Dataset content
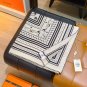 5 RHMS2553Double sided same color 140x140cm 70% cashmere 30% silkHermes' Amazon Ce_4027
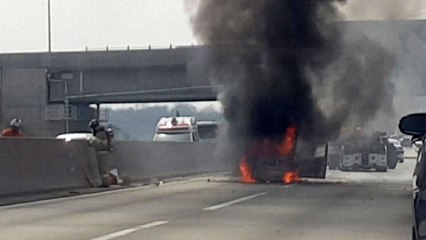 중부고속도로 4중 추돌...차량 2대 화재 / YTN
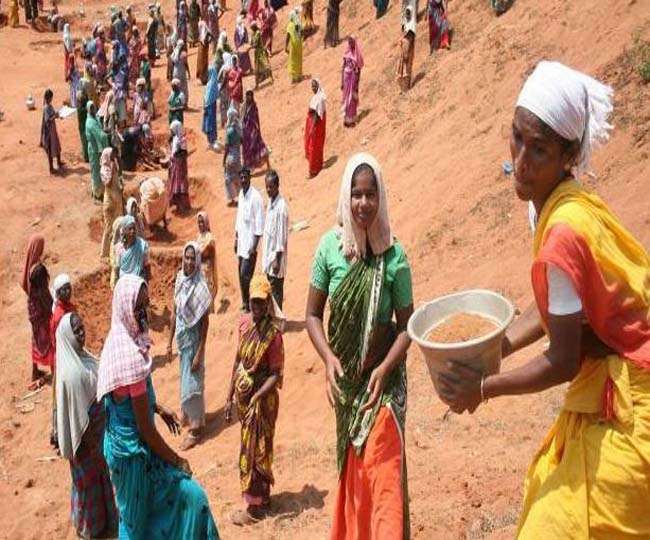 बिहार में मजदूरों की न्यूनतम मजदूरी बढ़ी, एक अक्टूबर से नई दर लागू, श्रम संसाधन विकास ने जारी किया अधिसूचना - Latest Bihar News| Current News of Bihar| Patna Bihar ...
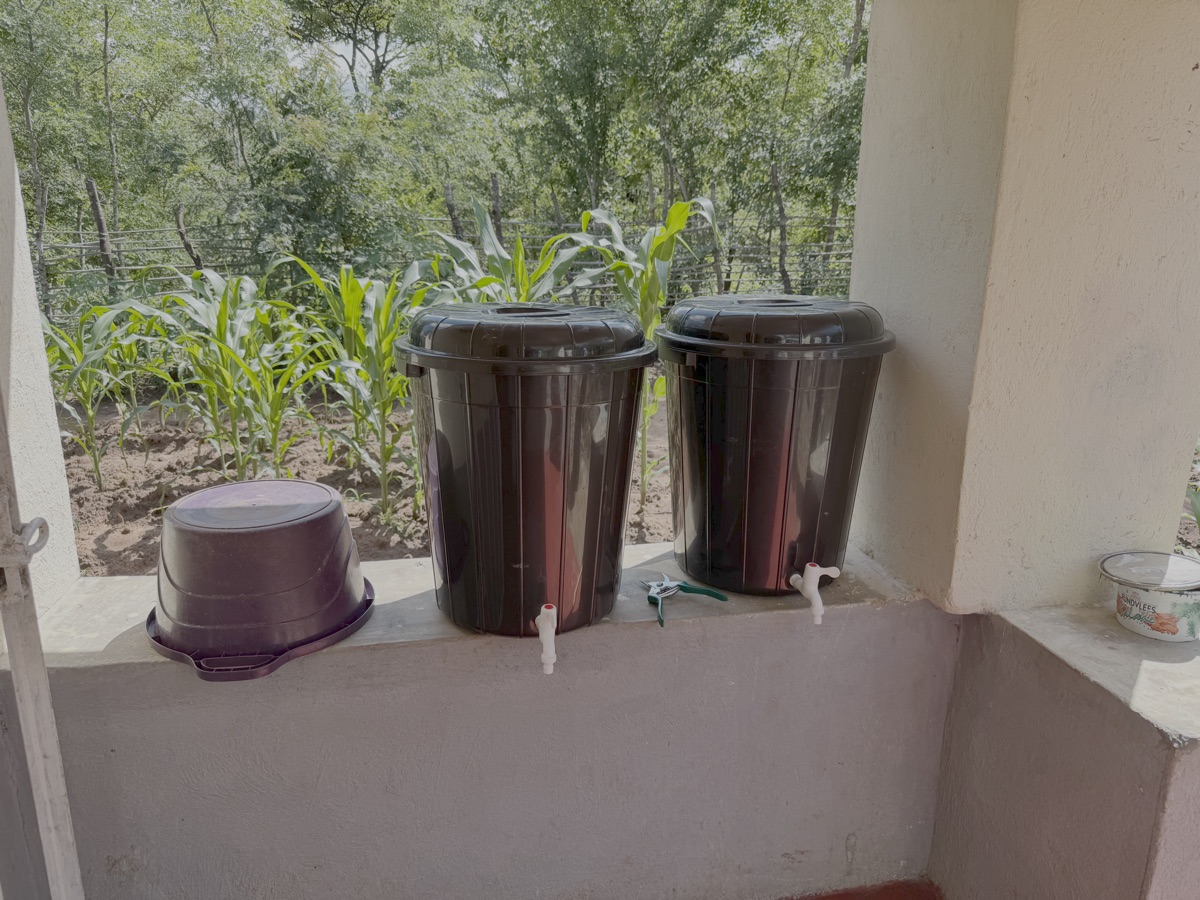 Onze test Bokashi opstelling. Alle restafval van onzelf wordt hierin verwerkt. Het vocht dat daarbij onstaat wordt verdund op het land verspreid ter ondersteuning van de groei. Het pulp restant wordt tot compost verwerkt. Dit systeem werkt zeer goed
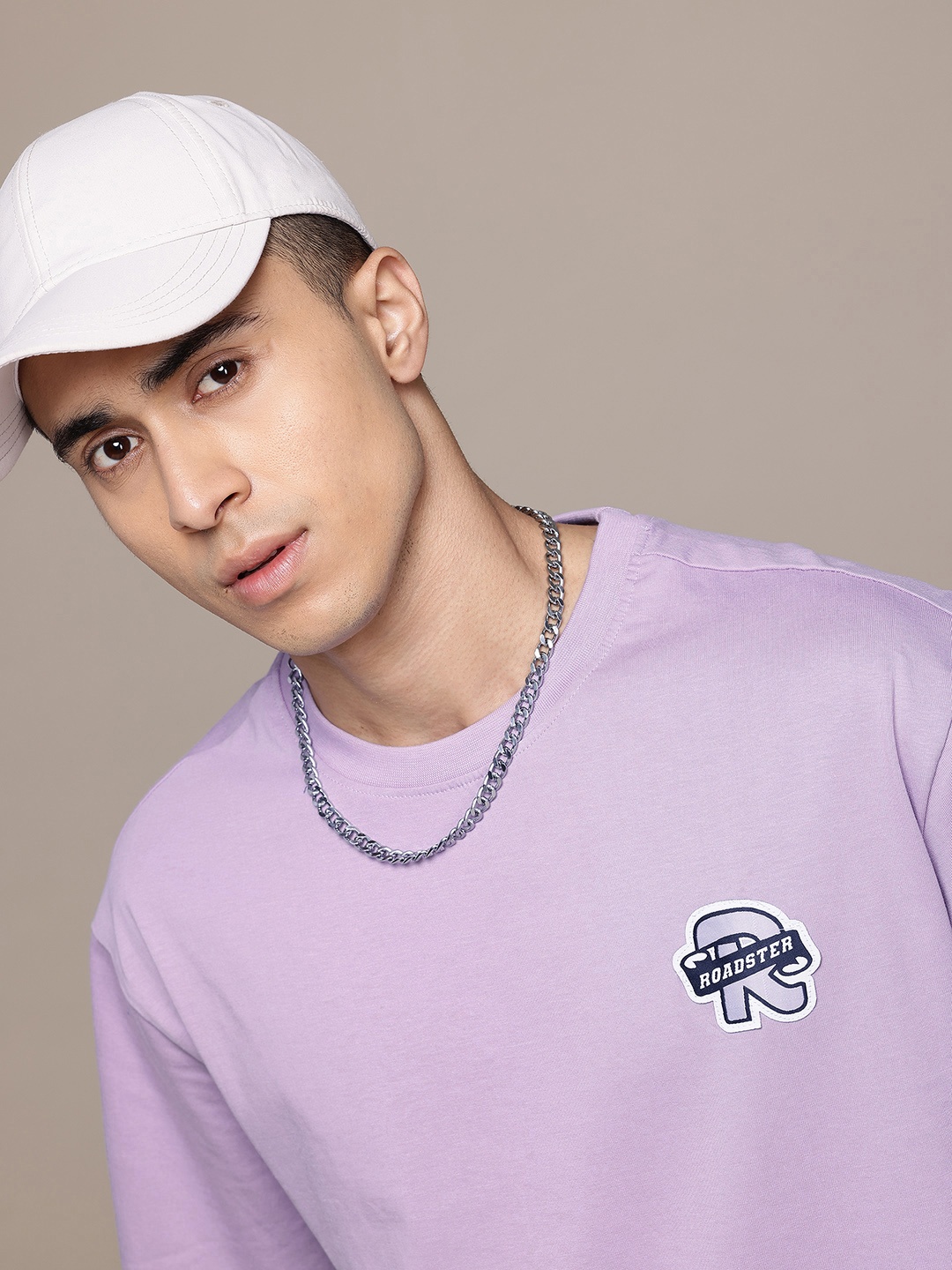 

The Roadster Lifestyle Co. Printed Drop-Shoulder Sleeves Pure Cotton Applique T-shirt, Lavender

* * *

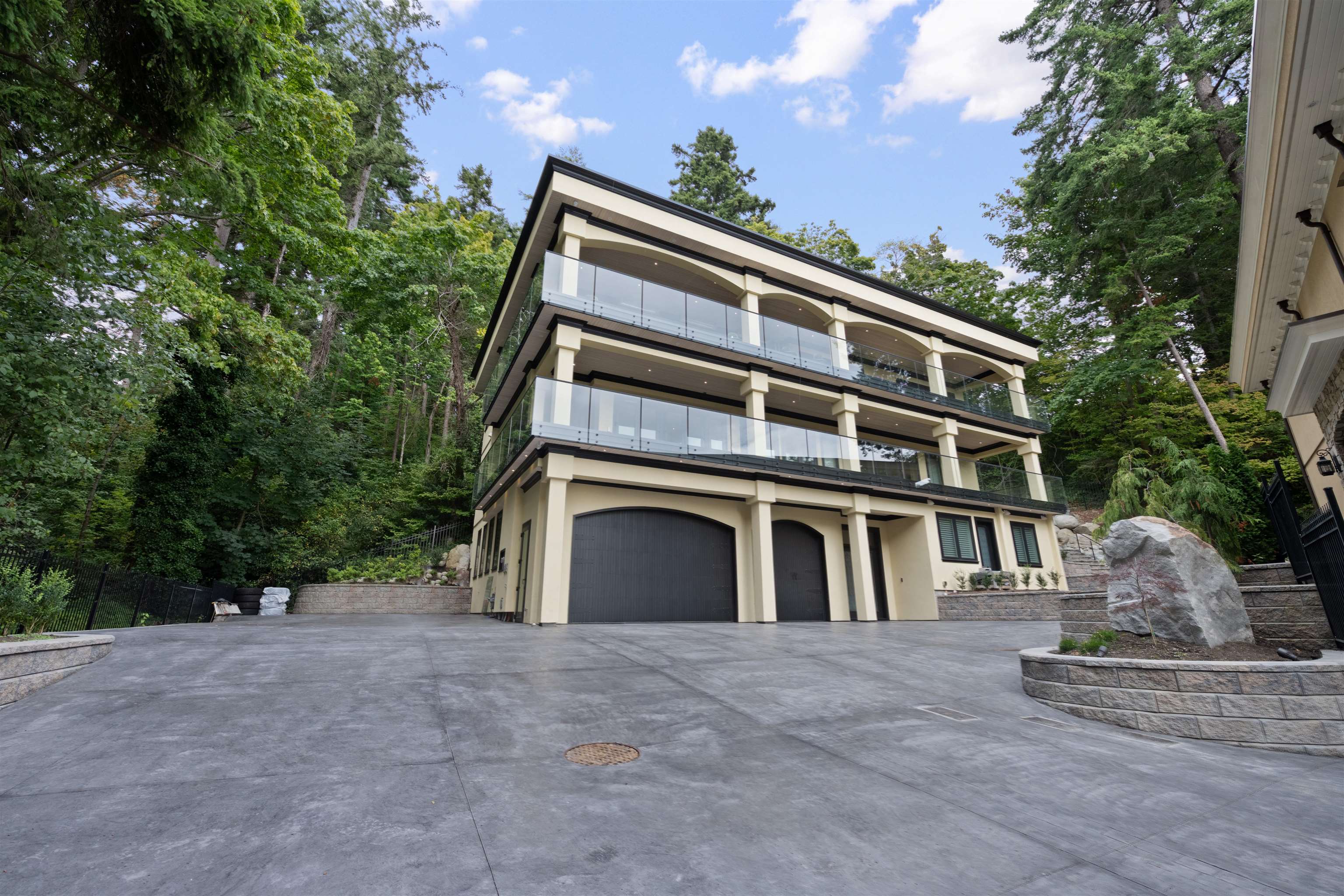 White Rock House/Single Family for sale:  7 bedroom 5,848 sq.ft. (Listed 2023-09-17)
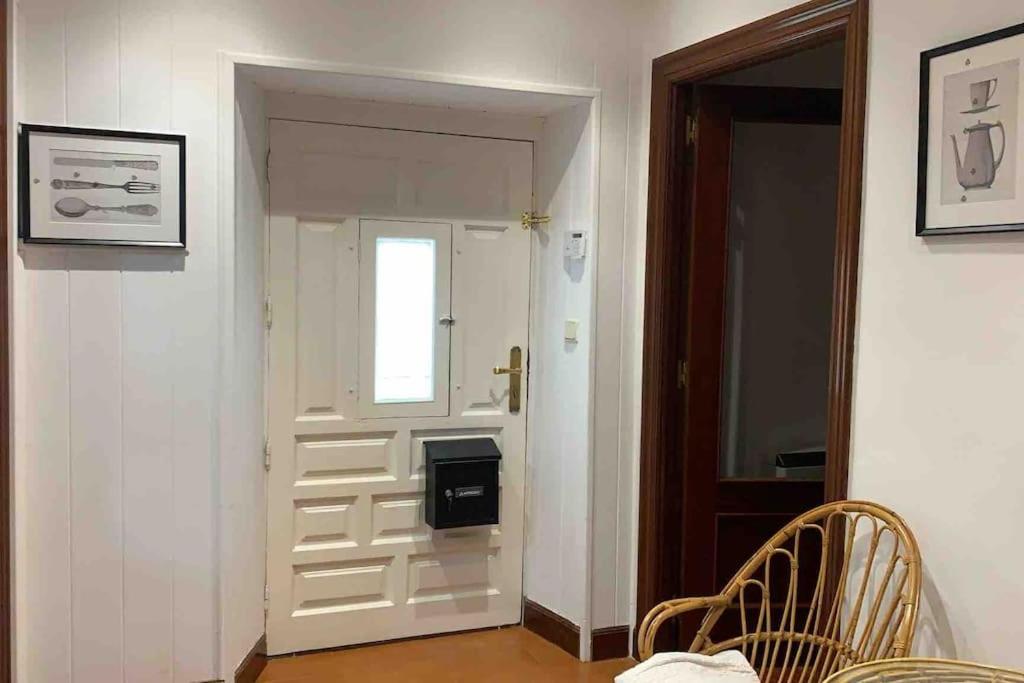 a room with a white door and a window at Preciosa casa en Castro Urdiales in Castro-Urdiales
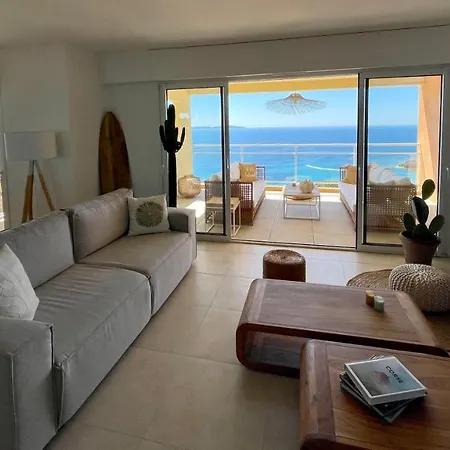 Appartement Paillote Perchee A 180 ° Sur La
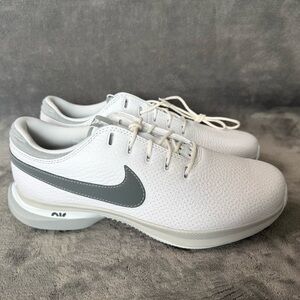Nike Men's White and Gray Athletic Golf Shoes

Exercise instructions
Reproduce the lines above beginning at the line that contains "5 RHMS2553Double sided" and ending at the line that contains "बिहार में मजदूरों". No pictures.

Solution for this problem
 5 RHMS2553Double sided same color 140x140cm 70% cashmere 30% silkHermes' Amazon Ce_4027
 중부고속도로 4중 추돌...차량 2대 화재 / YTN
 बिहार में मजदूरों की न्यूनतम मजदूरी बढ़ी, एक अक्टूबर से नई दर लागू, श्रम संसाधन विकास ने जारी किया अधिसूचना - Latest Bihar News| Current News of Bihar| Patna Bihar ...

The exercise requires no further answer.